Donald Trump che è favorevole ai bitcoin, d’accordo con Elon Musk (che appoggiò a suo tempo il Dogecoin, un crypto meme). Il bitcoin che supera i 100.000 dollari di valutazione. Trump che lancia il $Trump (e Melania che gli si affianca con il suo $Melania), guadagnando ‘teoricamente’ qualche miliardo di dollari. Trump che si dichiara contrario al dollaro digitale, firmando un ordine esecutivo che vieta alla Federal Reserve di lanciare la propria CBDC. Trump che vuole difendere il ruolo cardine del dollaro nella transazioni globali. Trump che ordina alla Federal Reserve di costituire un fondo di riserva in bitcoin per “stabilizzare il mercato”.
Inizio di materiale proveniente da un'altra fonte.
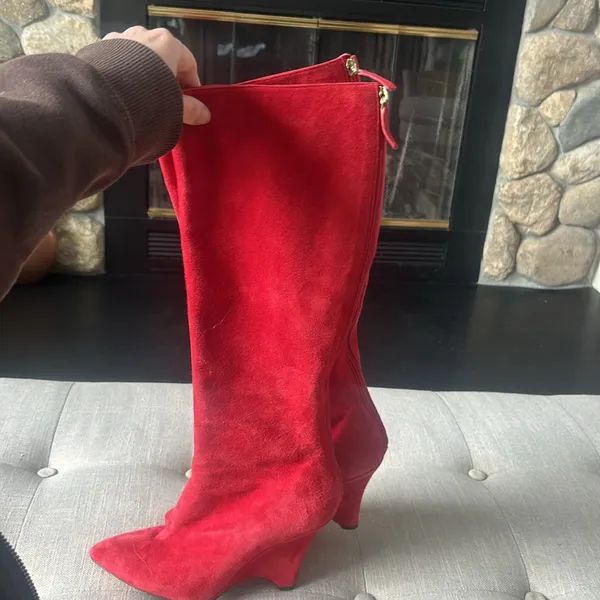Kate Spade Women's Red Suede Boots Size 7 - Image 9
Un marasma mai visto in precedenza, tra indicazioni e ordini governativi apparentemente contrastanti tra loro e mosse in direzioni diverse che non sembrano rispondere alla stessa logica, ma anzi imboccano strade divergenti. Cerchiamo di fare un po’ di chiarezza, iniziando da ciò che dopotutto si sta muovendo in maniera comprensibile: il bitcoin.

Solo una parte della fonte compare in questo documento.